Building on the success of the Arts Impact Fund, the new fund has been launched by Nesta and partners, and is thought to be the most ambitious of its kind globally.

The new £20 million Arts & Culture Impact Fund has been launched with Big Society Capital, Arts Council England, the National Lottery Heritage Fund, Bank of America, and Esmée Fairbairn Foundation.

It will back organisations of all sizes in the arts, cultural and heritage sectors demonstrating a clear social impact, from arts and heritage organisations to museums and libraries.

Socially driven arts and cultural organisations of all sizes across the UK are invited to apply for loans between £150,000 and £1 million, with a 10-year repayment period.

Alongside the investment capital, investees can also benefit from a tailored package of support from Nesta and our partners, including business insights and opportunities.

By focusing on both artistic and social outcomes, the fund's organisers want to promote the wider positive impact art has on society and support more organisations to benefit individuals and communities through their work.

Find out more and apply on the Arts & Culture Finance website.

The Arts Impact Fund was the first of its kind to focus on the social, artistic and financial return created by arts-based organisations. It provided repayable finance between £150,000 and £600,000 to arts organisations in England with ambitions to grow, achieve great artistic quality and have a positive impact on society.

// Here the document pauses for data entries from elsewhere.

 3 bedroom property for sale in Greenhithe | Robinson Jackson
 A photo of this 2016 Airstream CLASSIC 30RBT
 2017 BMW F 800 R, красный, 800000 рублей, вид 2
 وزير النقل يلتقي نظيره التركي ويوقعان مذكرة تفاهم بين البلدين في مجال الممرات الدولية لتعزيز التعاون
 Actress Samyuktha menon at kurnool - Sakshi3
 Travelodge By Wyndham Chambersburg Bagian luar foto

Between July 2015 and September 2019 it committed £8.8 million across 27 enterprising arts organisations, spanning dance, theatre, museums and more. The Arts Impact Fund was created and funded by Bank of America, Esmée Fairbairn Foundation and Nesta, supported by Arts Council England and additional funding from Calouste Gulbenkian Foundation.

Previous investees have been supported by the fund to deliver social impact at scale. For example, Titchfield Festival Theatre took a loan from the Arts Impact Fund in 2015 to embark on a renovation programme of its theatre space, a former warehouse dating back to the 1960s.

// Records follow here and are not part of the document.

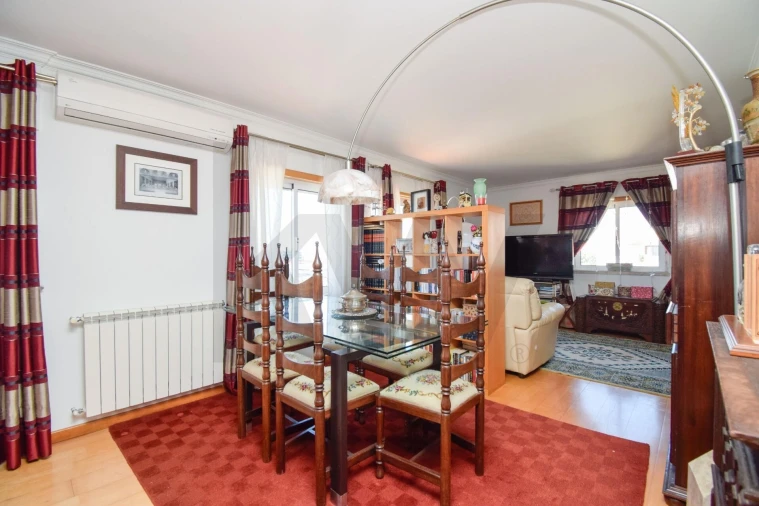Apartamento T4 para Venda em Carcavelos e Parede Foto 9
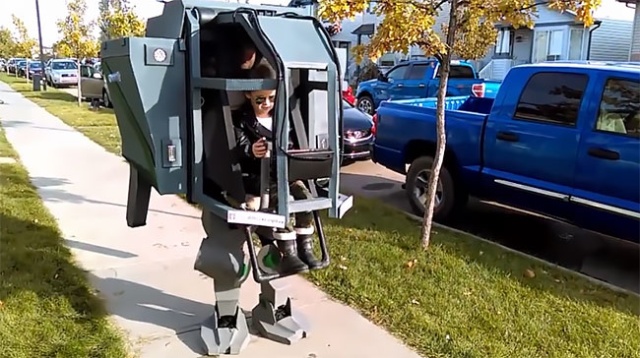 Отец собрал крутой костюм в виде робота для своей дочки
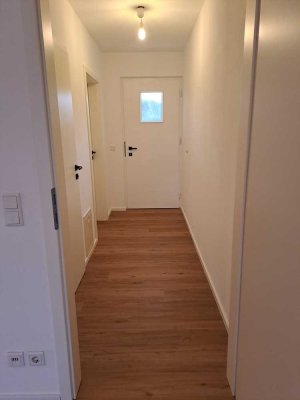 Stilvolle 3-Zimmer-Maisonettenwohnung mit kleinem Garten und EBK in Ingolstadt-Ringsee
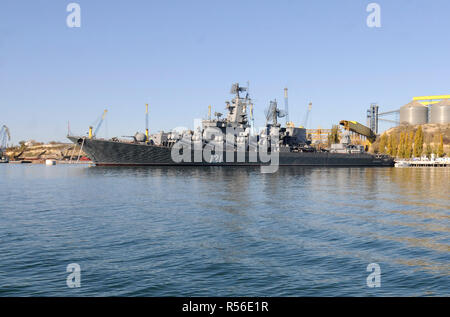 November 2008, Sewastopol, Krim: ein Russisches Kriegsschiff, der Zerstörer Smetlivy, vom Schwarzen Meer Flotte im Hafen von Sewastopol. Navires de guerre Russes dans le Port de Sebastopol de Crimée. *** Frankreich/KEINE VERKÄUFE IN DEN FRANZÖSISCHEN MEDIEN *** Stockfoto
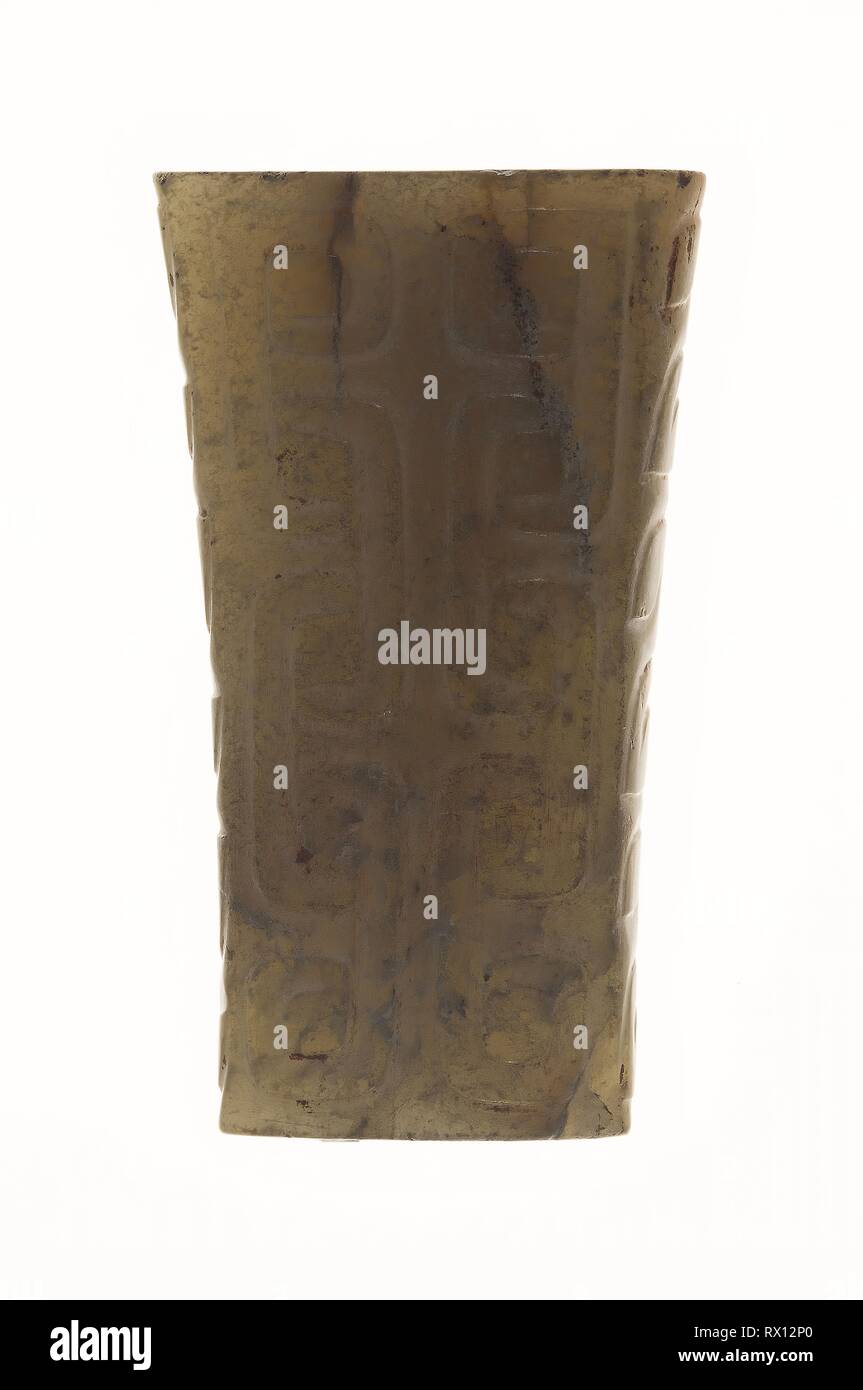 Entrebarrage avec cordon de spirales. La Chine. Date : 1600 BC-1050 BC. Dimensions : 2 × 1 × 1/16 3/16 1/2 in. Jade. Origine : Chine. Musée : le Chicago Art Institute. Banque D'Images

The renovations included installation of an energy-efficient heating system, a new roof and an array of interior refurbishments to make the theatre a more comfortable venue. In the years between drawing down the loan and its repayment, which came one year ahead of schedule, Titchfield Festival Theatre has more than doubled its income, grown the value of its fixed assets by more than 25 per cent and its reserves by 20 per cent.